* _PROBLEM TO SOLVE_
Below are lines of data, and only some are wanted. Please repeat exactly those from the line that has "1999 Limited Edition" through the line that has "Joules Ladies Langtree Scarf - Green/Pink".

* _TASK INPUT_

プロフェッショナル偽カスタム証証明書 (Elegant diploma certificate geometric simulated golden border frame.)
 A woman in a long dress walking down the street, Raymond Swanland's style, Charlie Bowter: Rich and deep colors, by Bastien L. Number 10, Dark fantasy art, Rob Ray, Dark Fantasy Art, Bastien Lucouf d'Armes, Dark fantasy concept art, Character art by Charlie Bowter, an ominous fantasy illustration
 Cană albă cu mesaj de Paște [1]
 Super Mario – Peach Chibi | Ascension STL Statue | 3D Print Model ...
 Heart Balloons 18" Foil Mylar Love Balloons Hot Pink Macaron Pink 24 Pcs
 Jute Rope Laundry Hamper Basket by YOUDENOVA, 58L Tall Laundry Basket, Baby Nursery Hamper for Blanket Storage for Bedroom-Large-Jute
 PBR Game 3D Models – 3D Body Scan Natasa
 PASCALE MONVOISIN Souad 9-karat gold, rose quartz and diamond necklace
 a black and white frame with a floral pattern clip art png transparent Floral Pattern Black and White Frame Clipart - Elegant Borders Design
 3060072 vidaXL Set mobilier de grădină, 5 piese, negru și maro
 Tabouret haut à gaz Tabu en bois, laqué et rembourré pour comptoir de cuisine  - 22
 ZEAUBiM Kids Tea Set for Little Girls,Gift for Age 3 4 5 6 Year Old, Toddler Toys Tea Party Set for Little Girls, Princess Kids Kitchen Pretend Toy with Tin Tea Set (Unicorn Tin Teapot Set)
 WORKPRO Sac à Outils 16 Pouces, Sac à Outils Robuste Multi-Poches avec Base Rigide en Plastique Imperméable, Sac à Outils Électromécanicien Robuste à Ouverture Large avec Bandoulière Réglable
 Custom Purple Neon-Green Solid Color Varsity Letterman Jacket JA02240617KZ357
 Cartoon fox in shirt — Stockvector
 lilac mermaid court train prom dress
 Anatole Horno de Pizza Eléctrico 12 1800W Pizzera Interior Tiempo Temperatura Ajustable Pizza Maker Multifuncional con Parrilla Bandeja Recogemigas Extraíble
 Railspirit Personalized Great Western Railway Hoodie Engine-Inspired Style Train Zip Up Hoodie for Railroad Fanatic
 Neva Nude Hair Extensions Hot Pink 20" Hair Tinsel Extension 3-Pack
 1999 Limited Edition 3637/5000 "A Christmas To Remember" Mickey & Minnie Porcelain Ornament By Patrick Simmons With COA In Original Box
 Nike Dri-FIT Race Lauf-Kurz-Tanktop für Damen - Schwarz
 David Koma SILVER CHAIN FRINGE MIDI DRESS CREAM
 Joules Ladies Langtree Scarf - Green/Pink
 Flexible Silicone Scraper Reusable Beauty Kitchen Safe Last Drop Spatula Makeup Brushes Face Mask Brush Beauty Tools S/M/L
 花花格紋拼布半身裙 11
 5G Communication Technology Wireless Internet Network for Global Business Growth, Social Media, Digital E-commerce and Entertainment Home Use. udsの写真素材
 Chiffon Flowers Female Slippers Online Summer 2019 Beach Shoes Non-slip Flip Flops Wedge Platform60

* _SOLUTION TO THIS PROBLEM_
 1999 Limited Edition 3637/5000 "A Christmas To Remember" Mickey & Minnie Porcelain Ornament By Patrick Simmons With COA In Original Box
 Nike Dri-FIT Race Lauf-Kurz-Tanktop für Damen - Schwarz
 David Koma SILVER CHAIN FRINGE MIDI DRESS CREAM
 Joules Ladies Langtree Scarf - Green/Pink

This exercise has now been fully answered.